New cybersecurity rules have been introduced for critical pipeline owners and operators in the US in response to an “ongoing threat” to fuel networks.
It is the second directive issued by the US Department of Homeland Security (DHS) since the ransomware attack on Colonial Pipeline in May, which caused widespread disruption to fuel supplies in the east of the country.
Pipeline owners and operators will now be required to implement specific mitigation measures against cyber-attacks, including the development and implementation of contingency and recovery plans in the event of a breach, as well as conducting a cybersecurity architecture design review.
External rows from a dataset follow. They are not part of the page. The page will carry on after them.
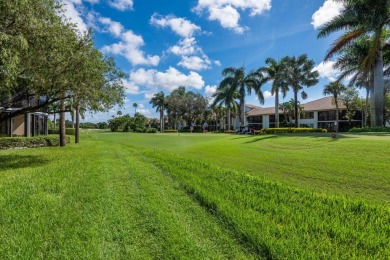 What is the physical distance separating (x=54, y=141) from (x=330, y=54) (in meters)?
26.0

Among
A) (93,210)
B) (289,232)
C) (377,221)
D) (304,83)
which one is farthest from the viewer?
(304,83)

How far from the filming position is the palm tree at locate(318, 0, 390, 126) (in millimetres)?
19234

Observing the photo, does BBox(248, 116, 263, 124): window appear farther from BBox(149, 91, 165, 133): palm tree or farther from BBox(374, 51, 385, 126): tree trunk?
BBox(374, 51, 385, 126): tree trunk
New US pipeline cybersecurity rules deliver ‘urgently needed protections’ against fast-evolving threats
At the end of May following the Colonial incident, the DHS instructed companies responsible for fuel pipelines to immediately report any confirmed or suspected cyber-attacks to the Cybersecurity and Infrastructure Security Agency (CISA), as well as ensure a designated cybersecurity coordinator is available “24 hours a day, seven days a week”.
Companies were also required to immediately review existing cybersecurity practices and report any gaps in their defences to CISA and the Transportation Security Administration (TSA) within 30 days.
The latest set of rules introduce “urgently needed protections against cyber intrusions”, according to the security agency.
“The lives and livelihoods of the American people depend on our collective ability to protect our nation’s critical infrastructure from evolving threats,” said secretary of homeland security Alejandro Mayorkas.
“Through this security directive, DHS can better ensure the pipeline sector takes the steps necessary to safeguard their operations from rising cyber threats, and better protect our national and economic security.
“Public-private partnerships are critical to the security of every community across our country and DHS will continue working closely with our private sector partners to support their operations and increase their cybersecurity resilience.”
Colonial Pipeline shut-down raised questions over cyber-resilience of critical national infrastructure
On 7 May, Georgia-based Colonial Pipeline was targeted by a ransomware attack from a hacking group identified by the FBI as DarkSide.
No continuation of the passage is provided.